在 2018/1/18 7:24, Bart Van Assche 写道:
When the SCSI scanning code discovers a SCSI device it calls the driver core
function device_add() to associate a SCSI ULD with the device. The driver
core invokes the probing function for the matching SCSI ULP, e.g. sd_probe().
In order to minimize the time needed to scan SCSI targets that have a large
number of LUNs, the SCSI disk driver scans LUNs asynchronously by starting
the actual probing work asynchronously from inside sd_probe()

An unfortunate aspect of how SCSI disk probing works today is that there is
unnecessary serialization between probing and removal activity. For a
possible approach of how to increase SCSI disk probing concurrency, see also
[PATCH] sd: Increase SCSI disk probing concurrency, linux-scsi mailing list,
December 2017 (https://www.spinics.net/lists/linux-scsi/msg115657.html).

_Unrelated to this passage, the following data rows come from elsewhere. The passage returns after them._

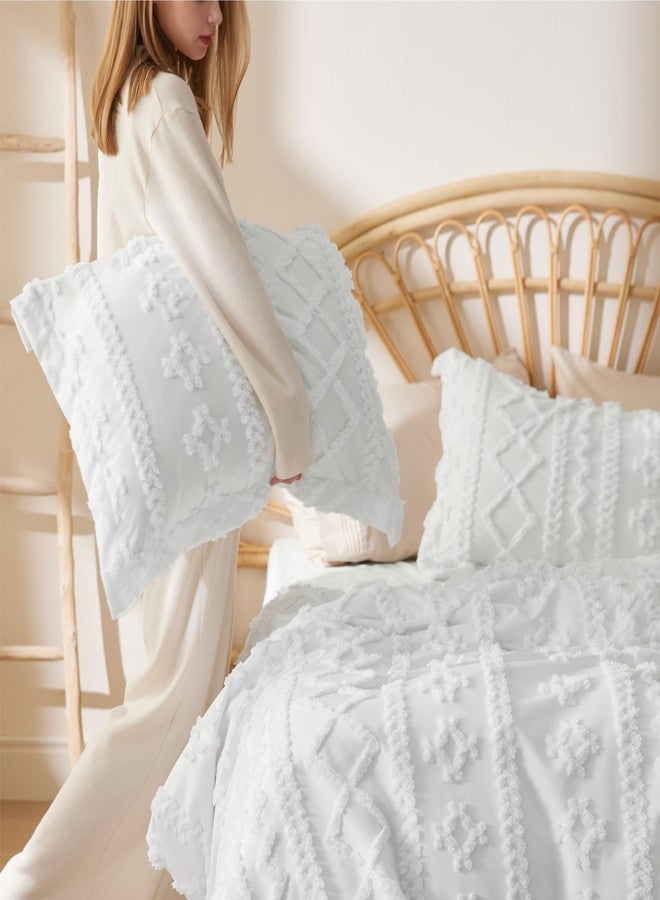 Bedsure Boho Kids Duvet Cover Queen Size（Duvet Insert/Comforter not Included - Tufted Duvet Cover Queen for All Seasons,Soft Shabby Chic Boho Bedding (White, 90" x 90") - Image 2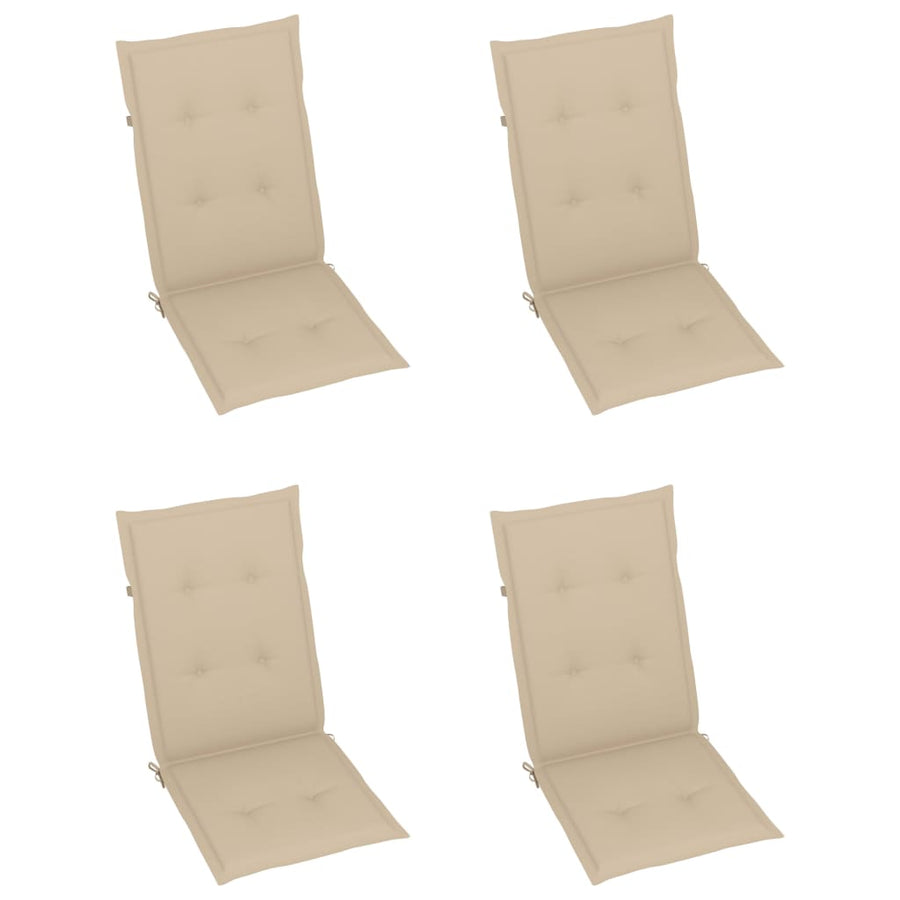 Tuinstoelen Verstelbaar Met Kussens Massief Acaciahout 4 Beige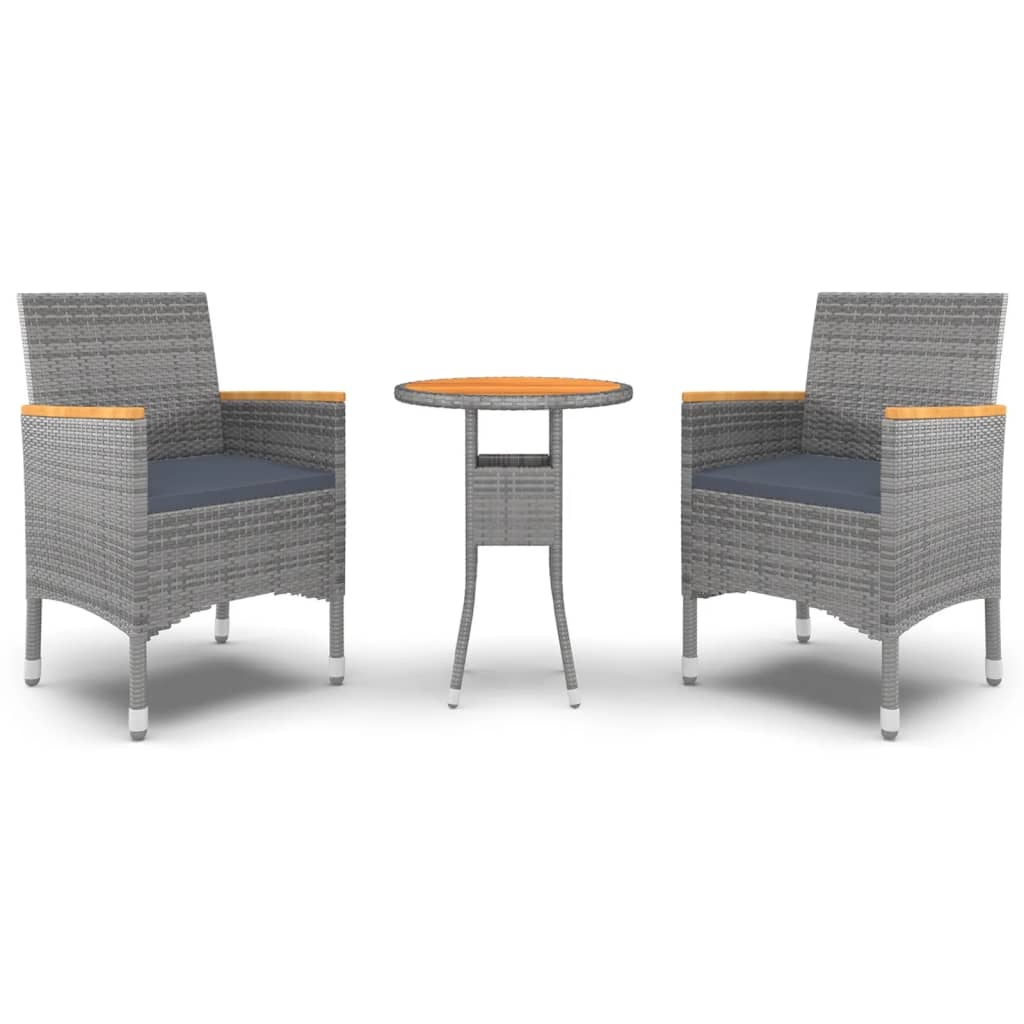 3 részes szürke polyrattan kerti étkezőgarnitúra (3058465)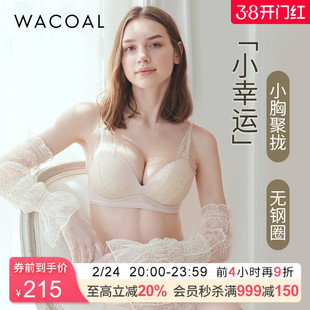 华歌尔Wacoal 蕾丝聚拢丰盈无钢圈小胸文胸罩内衣女UB14E5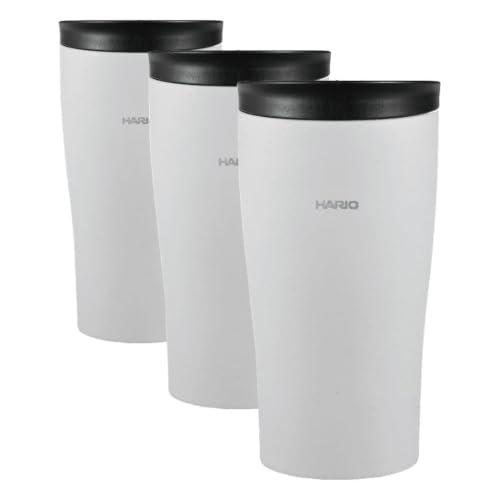 HARIO Ceramic Coated Vacuum Double Wall Insulated Tumbler 350mL White CTF-350-W with Rotary Lid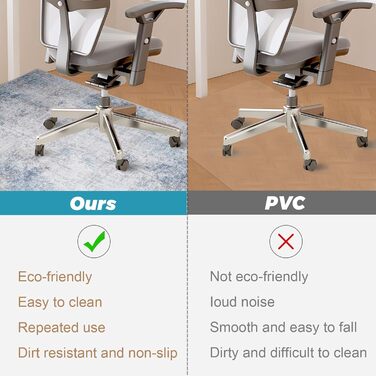 Килимок під офісне крісло 90x120 см, захист для підлоги, антиковзаюча підкладка, для ламінату та плитки (120 x 150 см, блакитно-сірий абстрактний)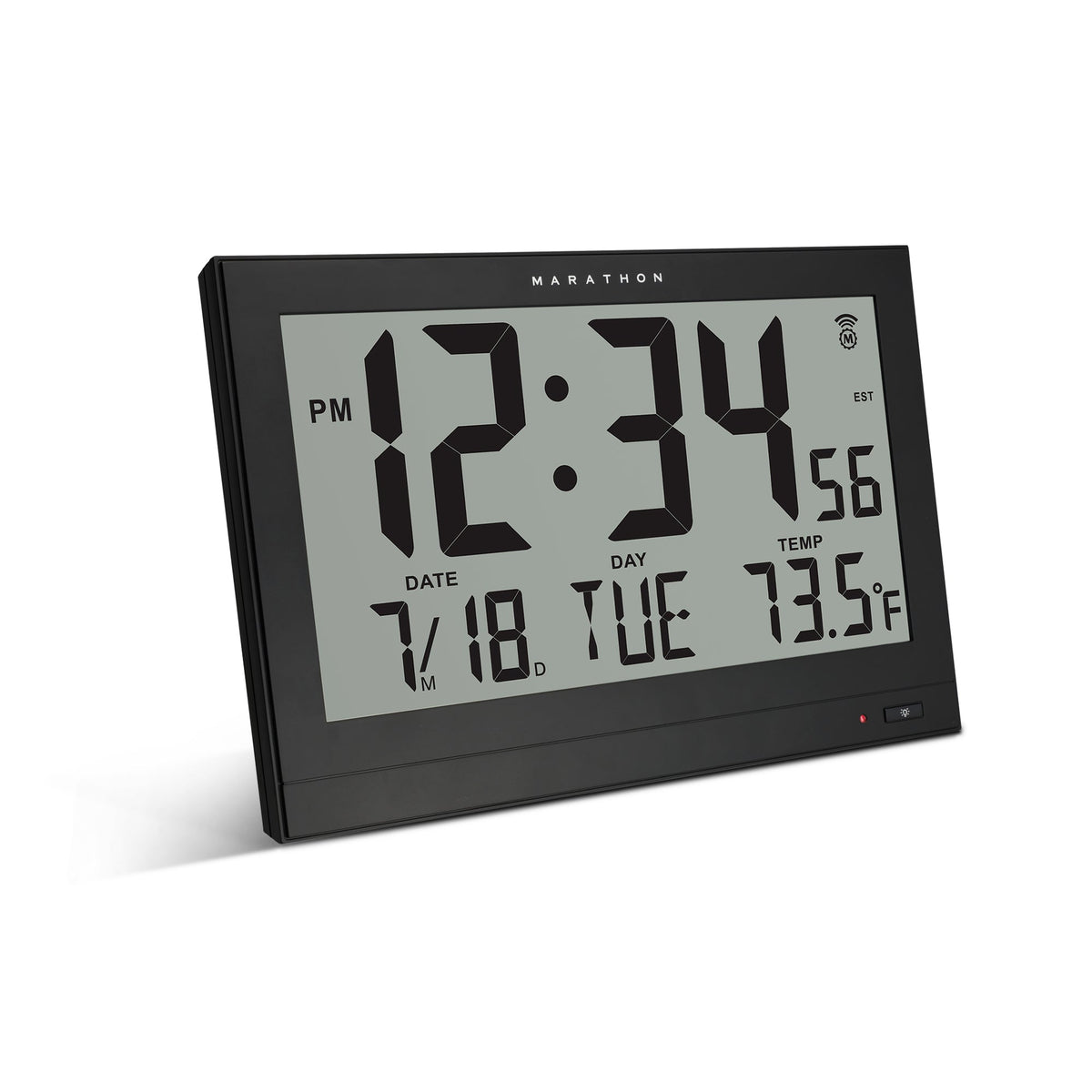 Marathon Jumbo Self-Setting Wall Clock with Auto Backlight and Power Adapter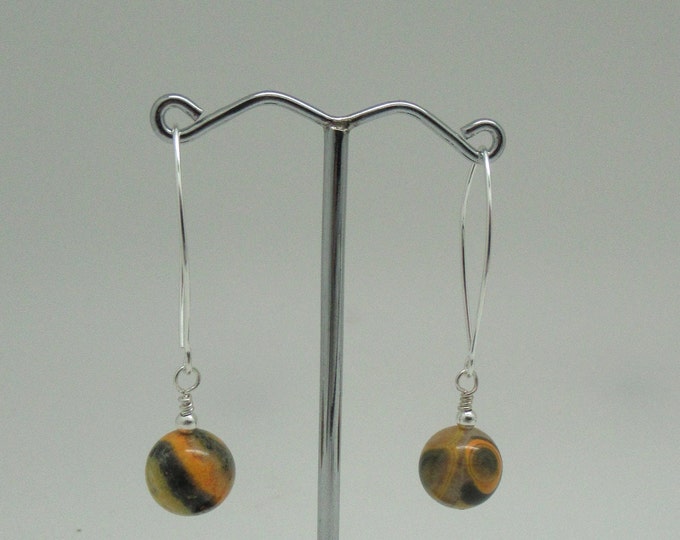 Bumble Bee Jasper and Sterling Earrings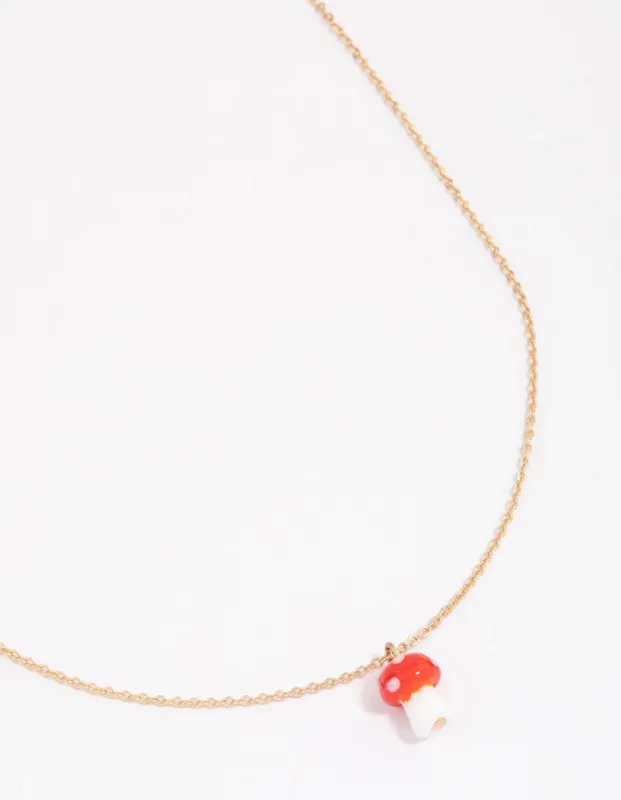 Gold Mini Mushroom Pendant Necklace sold by lovisa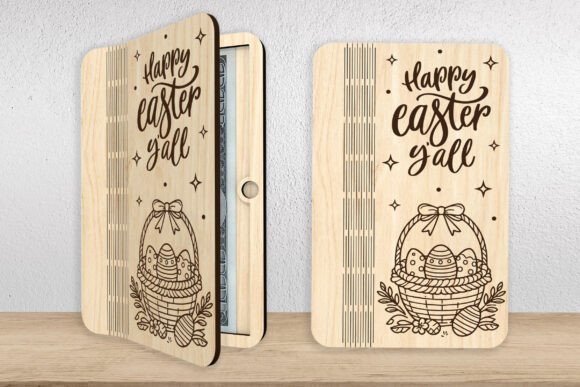 Happy Easter Y'all Money Holder SVG for Laser Cutting Signs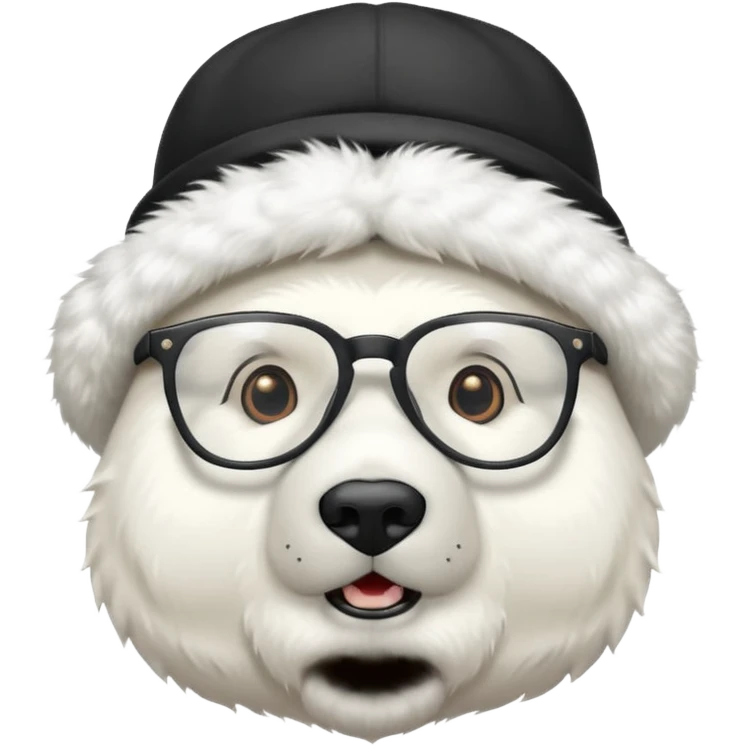  polar bear wearing glasses and a hat emoji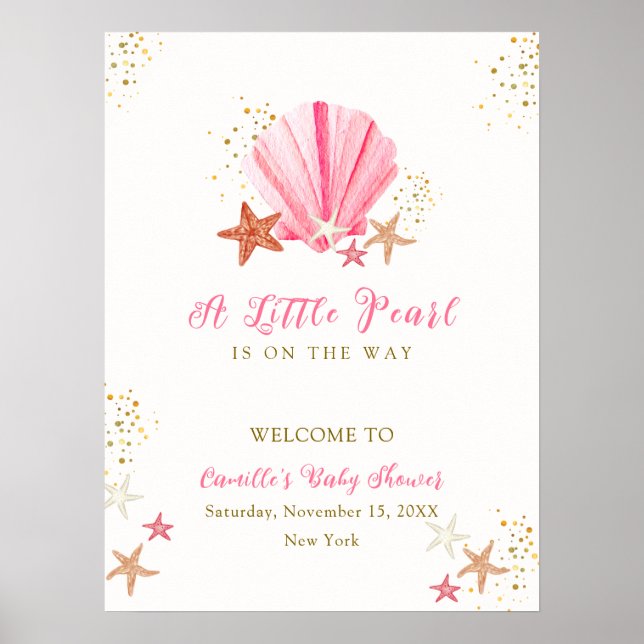 Rosa Elegante Starfish Seashell Baby Dusche Empfan Poster (Vorne)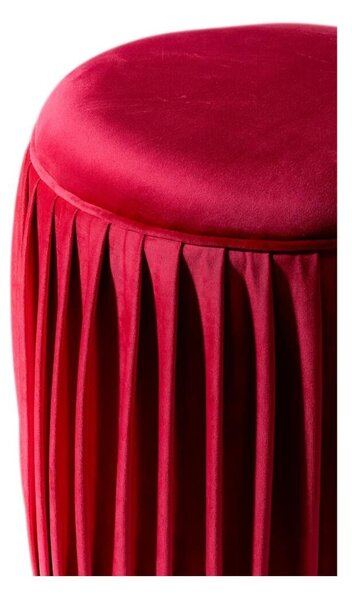 POUFF In Velluto CORA con fascia dorata design Cilindrico Dimensioni 36x h40 cm Struttura in Metallo colore Rosso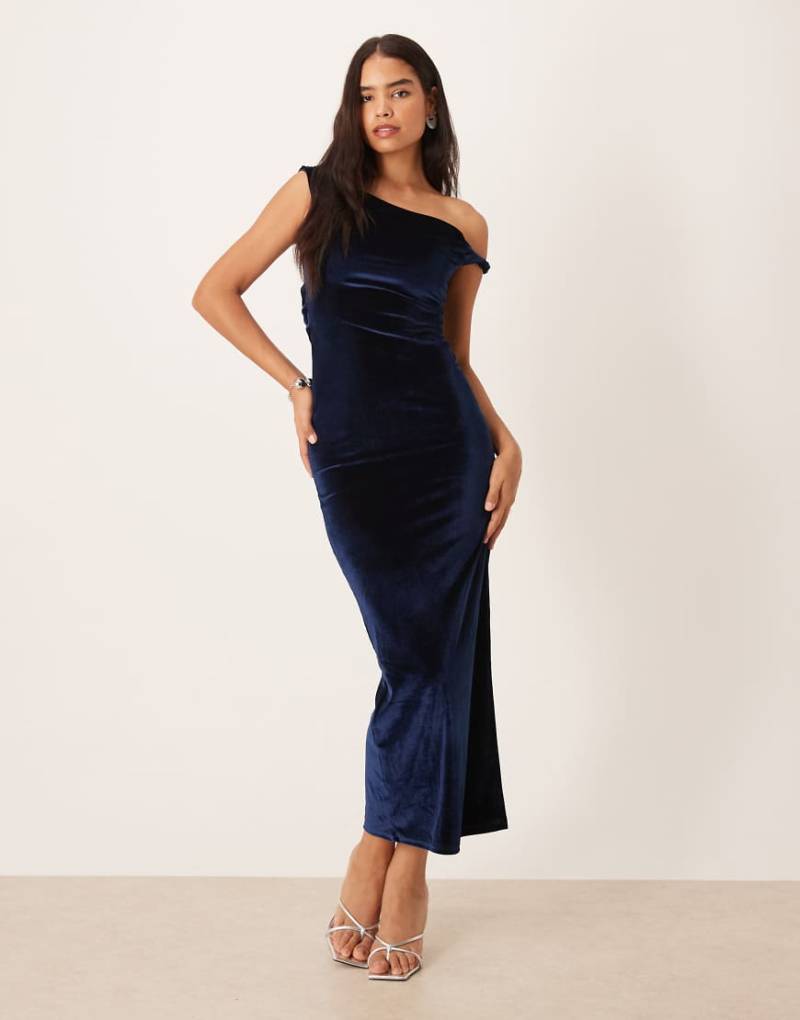 ASOS DESIGN - Midikleid aus Samt in Marineblau mit verdrehter Schulterpartie und Schnürung hinten von ASOS DESIGN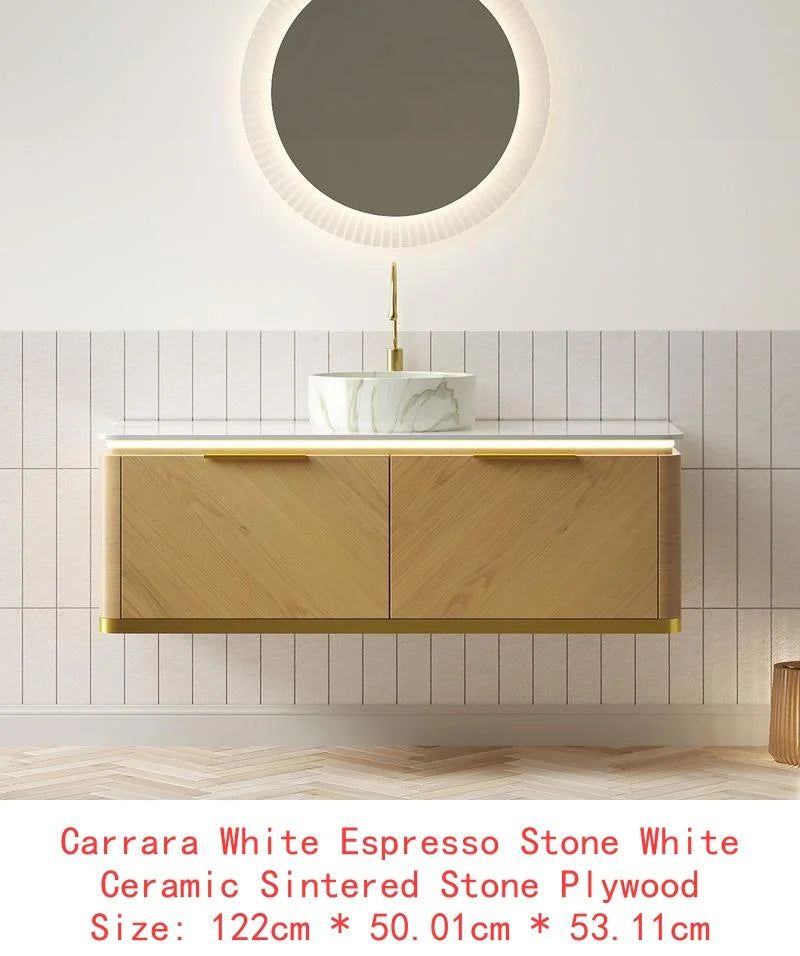 60" Bathroom Vanity with Sinks, Floating Plywood Storage Cabinet, 2 Drawers with Sensor Light, 2 Ceramic Vessel Basins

A second unfortunate aspect of SCSI disk probing is that certain race
conditions in the block layer are hit if removal starts before asynchronous
probing has finished. This is because the driver core is unaware that the
SCSI disk code works asynchronously.

Additionally, the SCSI disk asynchronous probing approach is incompatible
with the power management code. The power management code calls
wait_for_device_probe() in the driver core to wait for device probing
activity to finish. wait_for_device_probe() however is unaware of the
asynchronous probing in the SCSI sd driver and hence doesn't wait for the
SCSI sd probing activity to finish.

I encountered and reported a similar issue which it seems there is a 
race between device_resume and removing disk:
https://www.spinics.net/lists/linux-scsi/msg115069.html

My proposal is to hold a session to discus potential solutions for
increasing SCSI disk probing concurrency in a way that is compatible with
the driver core and the power management subsystem.